Toujours d’après la CPVP, la question de savoir si Facebook Irlande peut être considéré comme responsable du traitement au sens de la Directive n’a pas lieu d’être examinée dès lors qu’elle n’influe en rien sur l’applicabilité du droit belge… et sur la compétence de la CPVP au regard de l’interprétation apportée à l’article 4 par la Cour de justice de l’Union européenne (CJUE) dans son arrêt du 13 mai 2014.
La CPVP considère que ledit arrêt, qui a mené à l’esquisse d’un « droit à l’oubli » dans les moteurs de recherches, « est en tout applicable », car il présente une « similarité avec les questions abordées dans la recommandation [du 13 mai 2015] ».
Et d’ajouter : « Il est évident que plusieurs lois nationales s’appliquent aux nouvelles conditions d’utilisation de Facebook et aux difficultés qui peuvent résulter du point de vue de la protection de la vie privée pour l’ensemble des citoyens européens ».
Sur la question de traçage, le postulat est le suivant : Facebook suivrait à la trace tous ses visiteurs, y compris ceux qui n’ont pas de compte et ceux qui ont choisi de ne pas être pistés.
Ce traçage serait notamment effectué au moyen de modules sociaux proposés à des exploitants de sites externes en vue d’une intégration – le module « J’aime » étant particulièrement populaire (il est implémenté sur 32 % des 10 000 sites les plus visités, selon Quantcast ranking).
Pour la CVCP, ce traçage est d’autant plus invasif que Facebook « peut facilement relier les habitudes de navigation de ses utilisateurs à leur identité réelle, à leurs interactions sur les réseaux sociaux et à des données sensibles telles que des informations médicales, des préférences religieuses […] ».
C’est – entre autres – sur ce point que se sont penchées la KUL et la VUB. Elles en ont conclu qu’un utilisateur connectée qui visite une page Internet contenant un module social envoie jusqu’à 11 types d’informations.
Pour les utilisateurs déconnectés, on compte 4 cookies, dont l’URL de la page visitée.
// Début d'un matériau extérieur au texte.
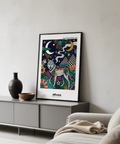 Top section of galaxy poster print with crescent moon, ringed planet, and star shapes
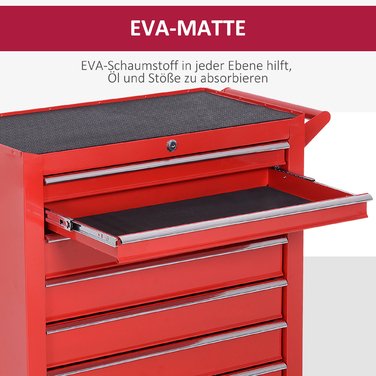DURHAND Tool Chest, 2 small & 5 large drawers, steel, up to 150 kg, 69 x 33 x 75 cm, Red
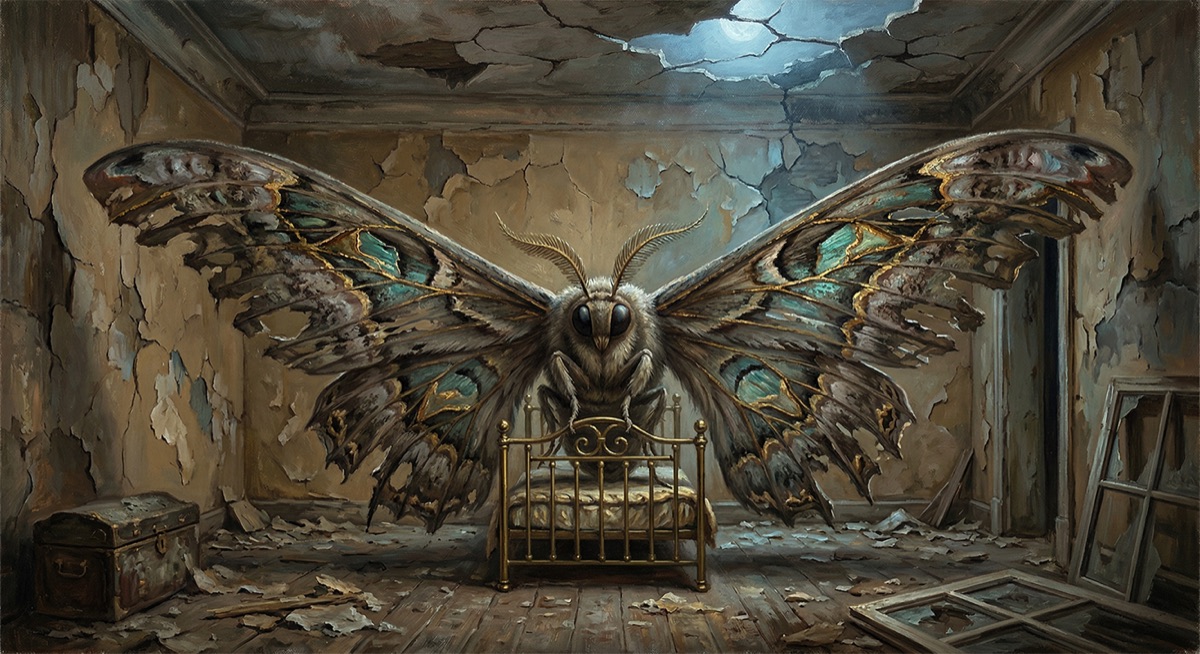 A moth rests inside a dimly lit, decaying room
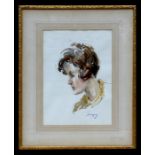 William Lee Hankey (1869-1952) - Portrait of a Lady - signed lower right, watercolour, framed &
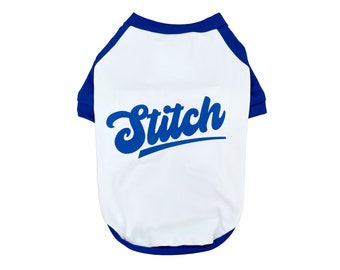 Personalized Blue and White Baseball Style Stretchy Dog Shirt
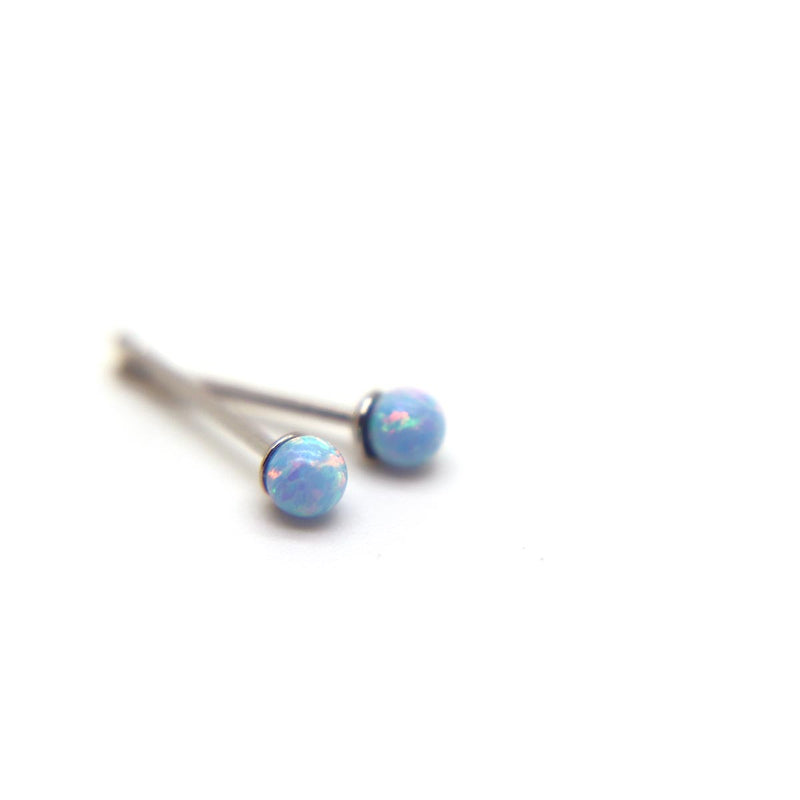 Light Blue Faux Fire Opal stud earrings in 925 Sterling Silver image 1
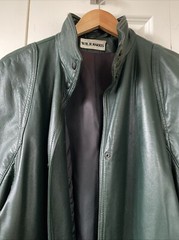Vtg 80s 90s WM. H. HARRIS Green Leather Snap Jacket Mod Coat Sz S Made USA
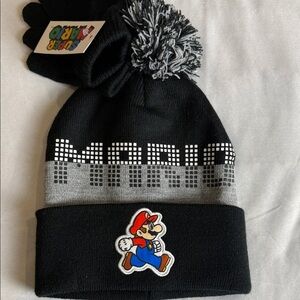 Nintendo, Mario Beanie / Toque / Hat, Black & Gray, Pom Pom, Kids, One Size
Quant à ceux qui se sont désinscrits des publicités ciblées, il restent pistés… tout comme les non-utilisateurs de Facebook, avec lesquels aucun contrat n’a pourtant été signé.
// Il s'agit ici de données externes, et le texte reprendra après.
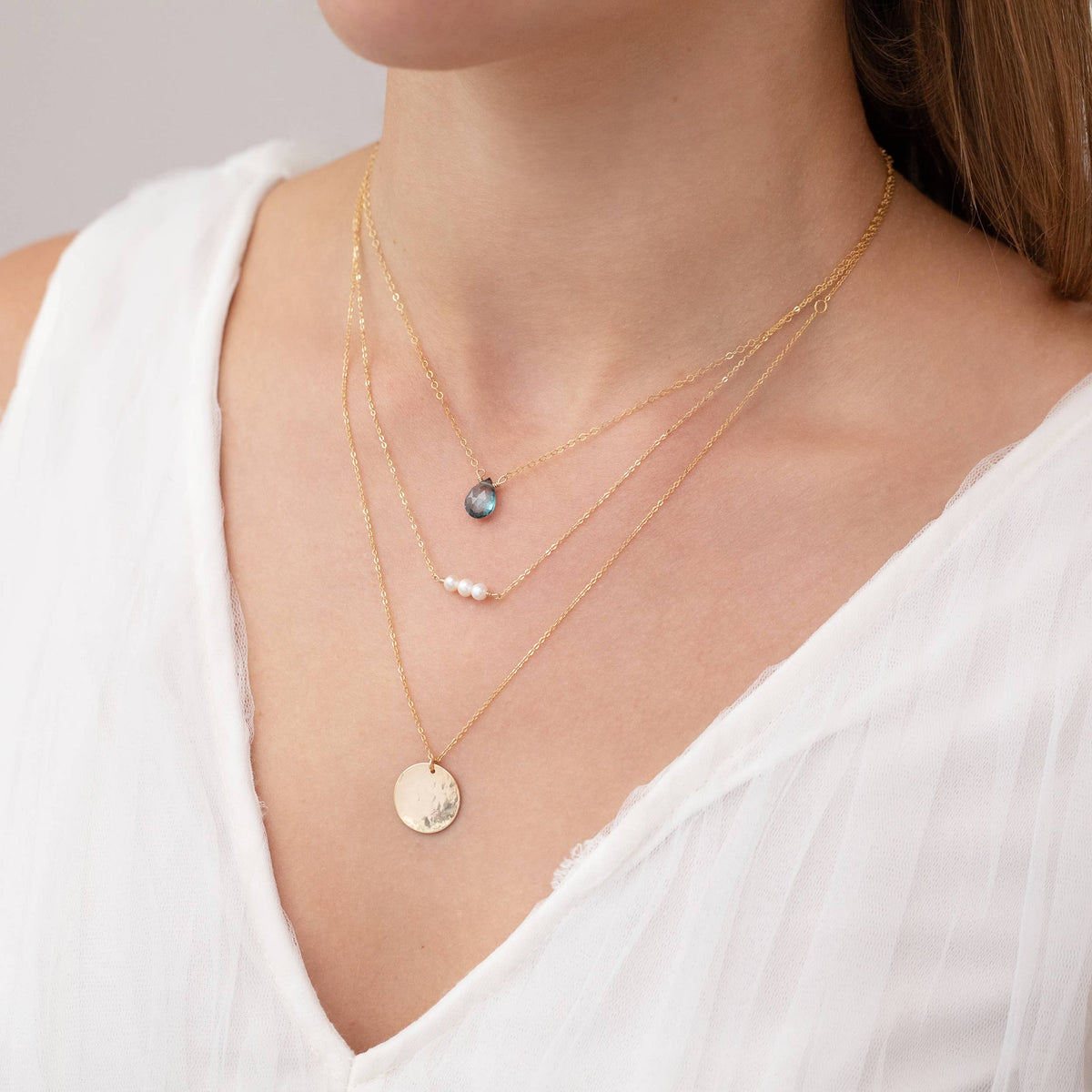 Gold Filled Hammered Disc Necklace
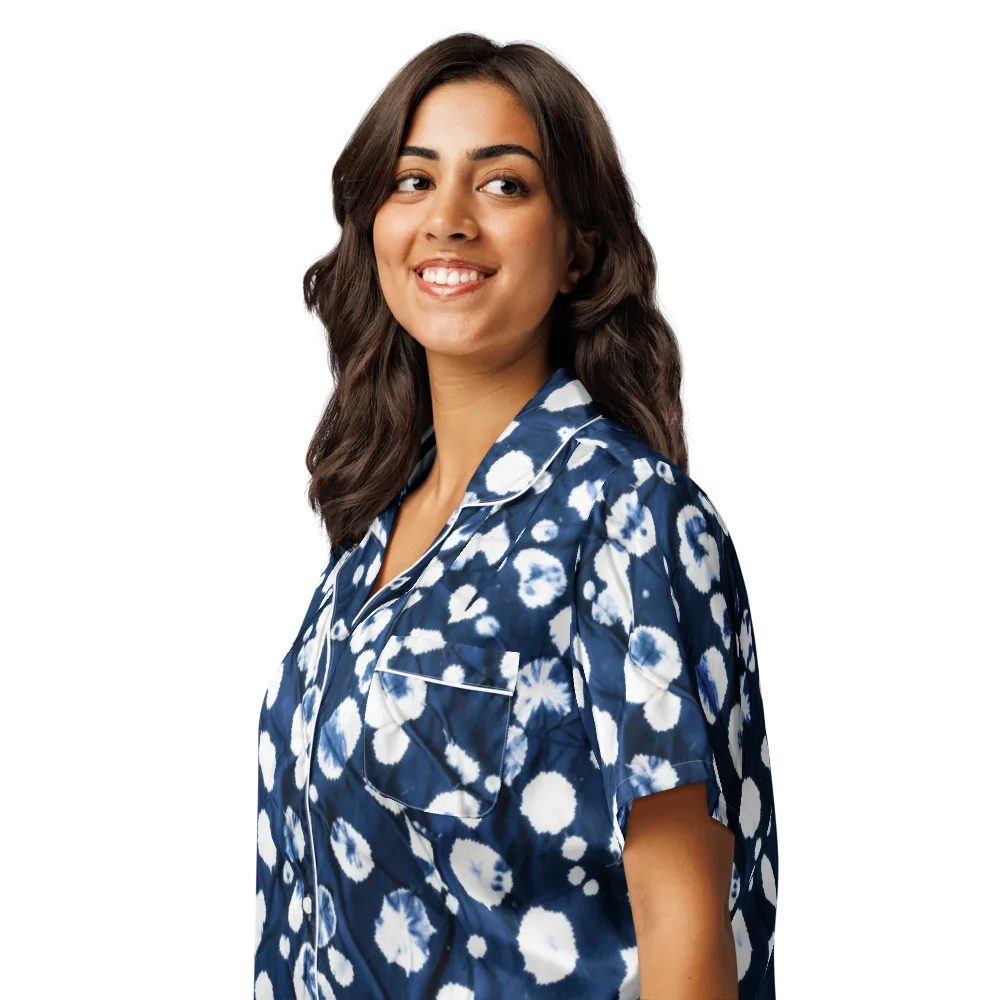 Indigo Confetti on Women's Short Sleeve Pajama Top — Left Front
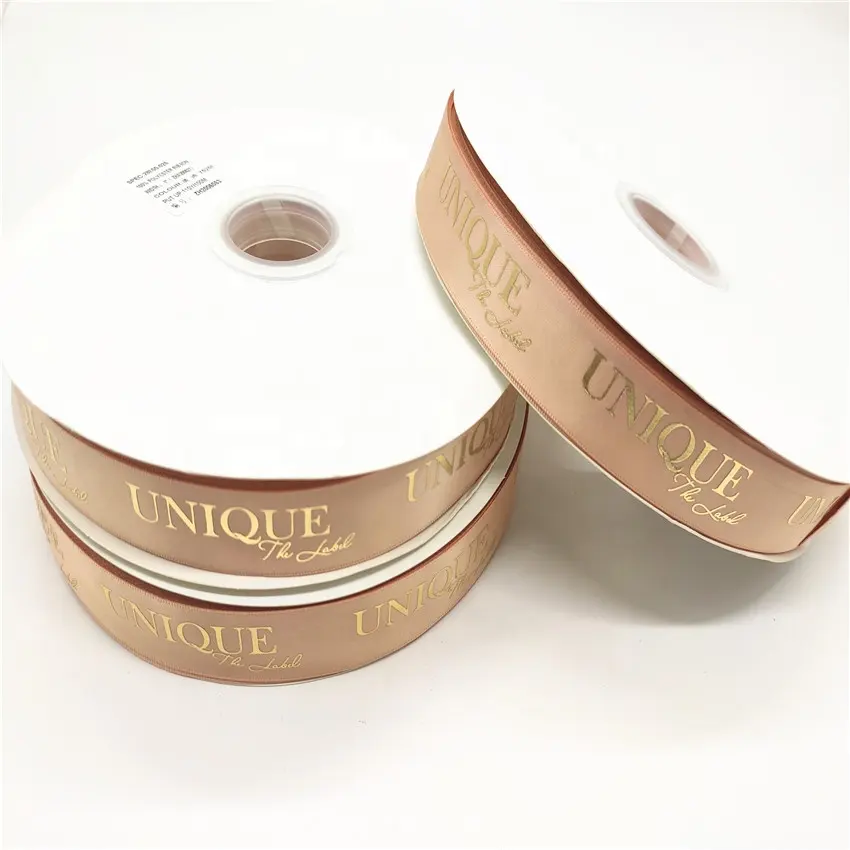 Quick delivery custom logo puff raised gold foil printed satin ribbon for luxury wrapping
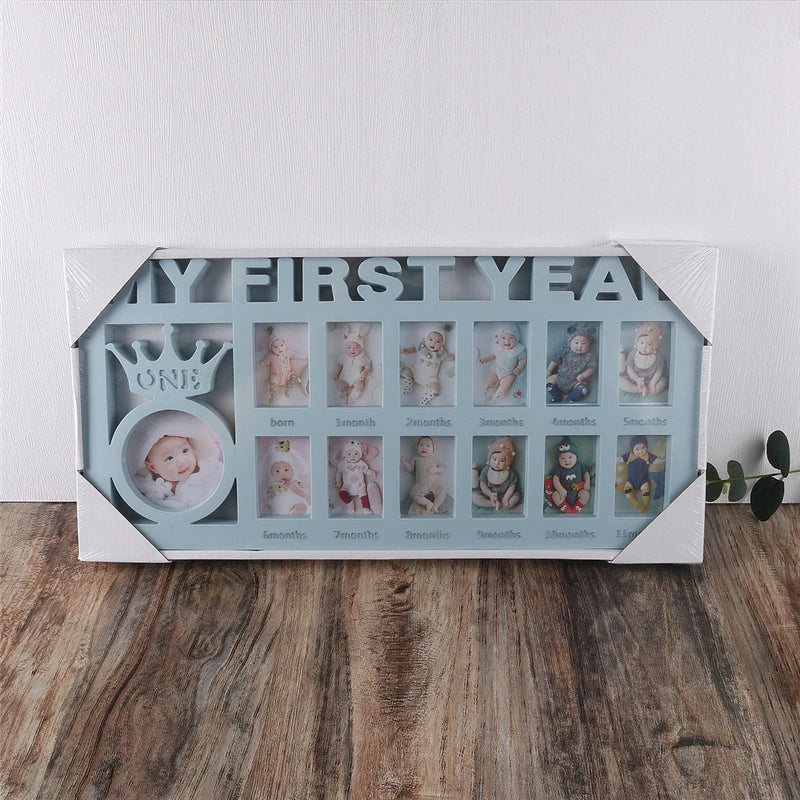 Baby Keepsake Frame 0-12 Months Pictures My First Year Photo Frame Newborn Memory Gifts Souvenirs Photo Frame For Babies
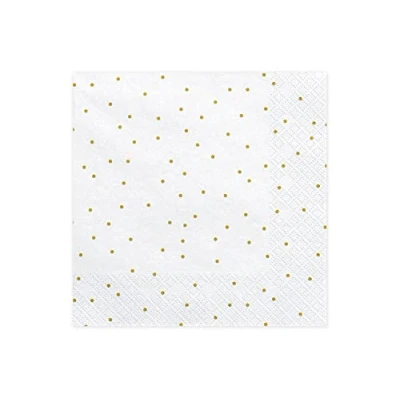 Immagine di Tovaglioli Bianco con Puntini d&#039; oro, 33 x cm, 1 Pacco (PZ) SP33 23 008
Au point 81 de sa recommandation, la CPVP relève par ailleurs qu’il n’est pas possible de ne donner son consentement que pour les fonctions de base de Facebook (par exemple, le partage d’informations avec des amis) sans donner simultanément son consentement pour le traitement de ses données à des fins de profilage commercial.
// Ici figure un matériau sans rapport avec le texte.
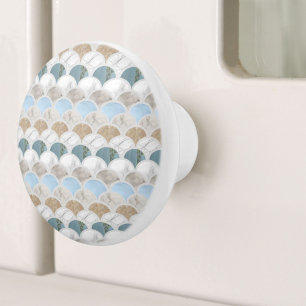 Beach Aqua Blue White Marble Pastel Mermaid Scales Keramikknauf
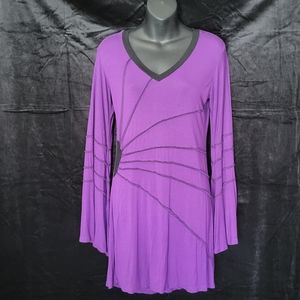 Purple Ray Design Bell Sleeve Dress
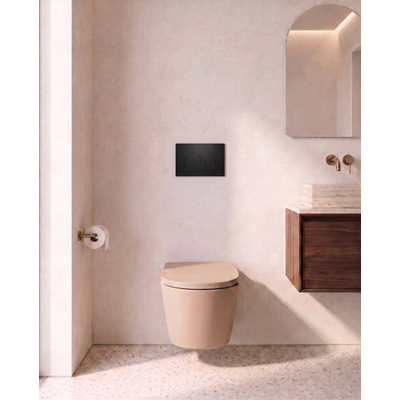 QeramiQ Dely Toiletset - 36.3x51.7cm - Geberit UP720 inbouwreservoir - rimless - diepspoel - 35mm zitting - softclose - kunststoffen bedieningsplaat mat zwart - ronde knoppen - mat beige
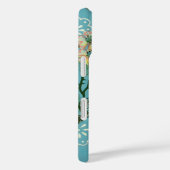 ヴィンテージ花壁紙ティール(緑がかった色)花柄 Case-Mate iPhoneケース (裏面 / 右)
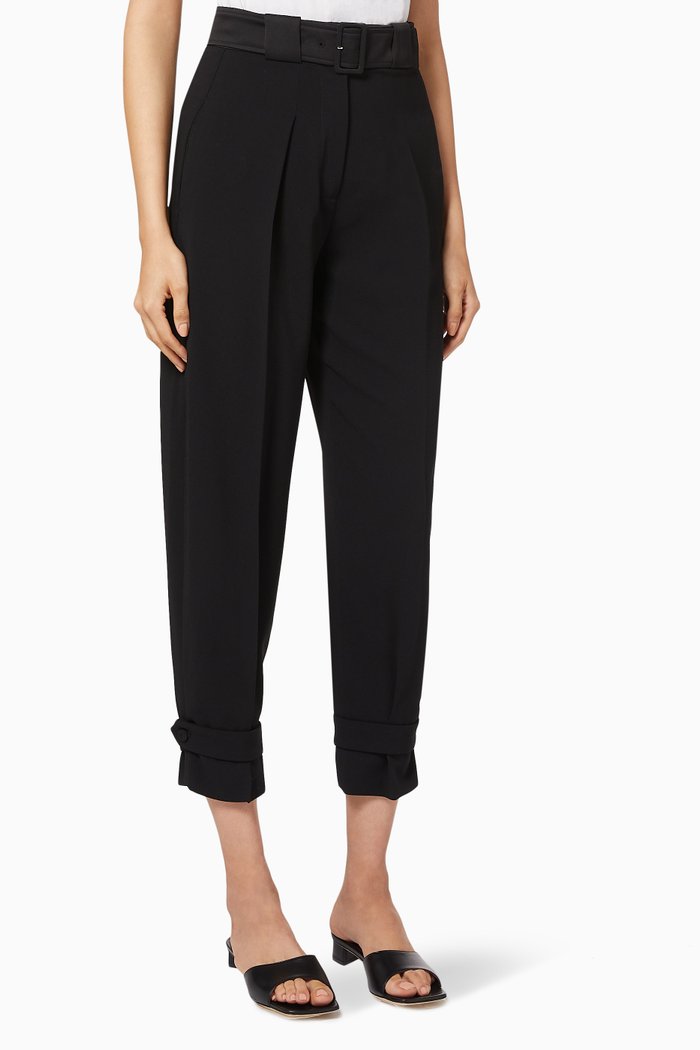 

Lara ART.365 Crepe Satin Trousers, Black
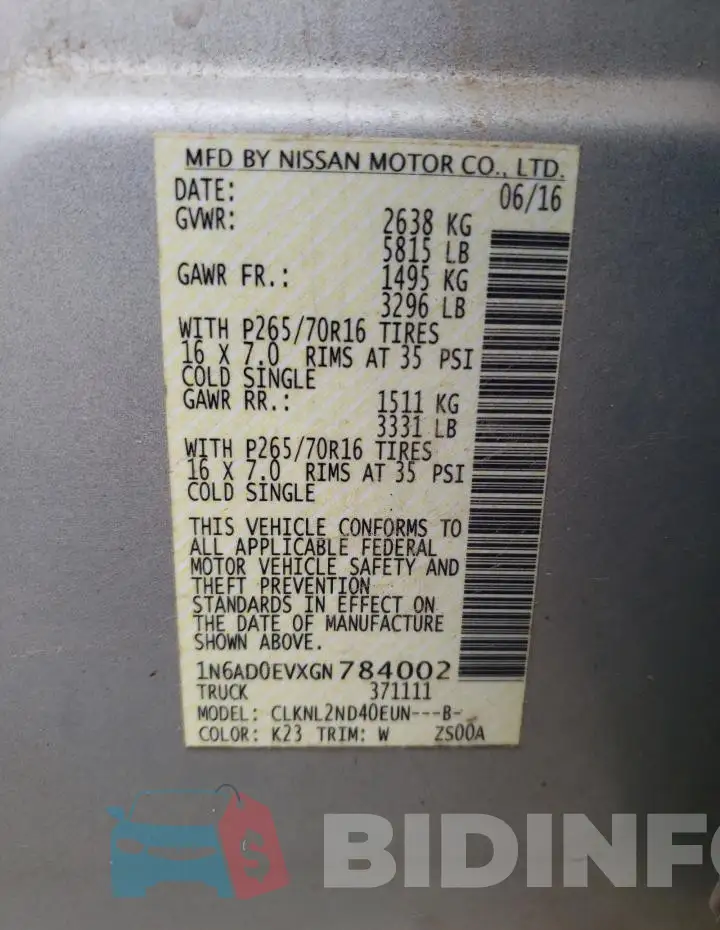 1N6AD0EVXGN784002 Photo# 12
Au point 84, le régulateur belge considère que le mécanisme d’opt-out « ne convient pas pour obtenir un consentement informé de l’utilisateur moyen ». Il est par ailleurs (point 88) « excessif pour Facebook de collecter systématiquement des données relatives à la consultation de sites Internet externes à son domaine, mais qui contiennent des modules sociaux […], alors même que le membre n’a pas interagi avec ces modules sociaux ».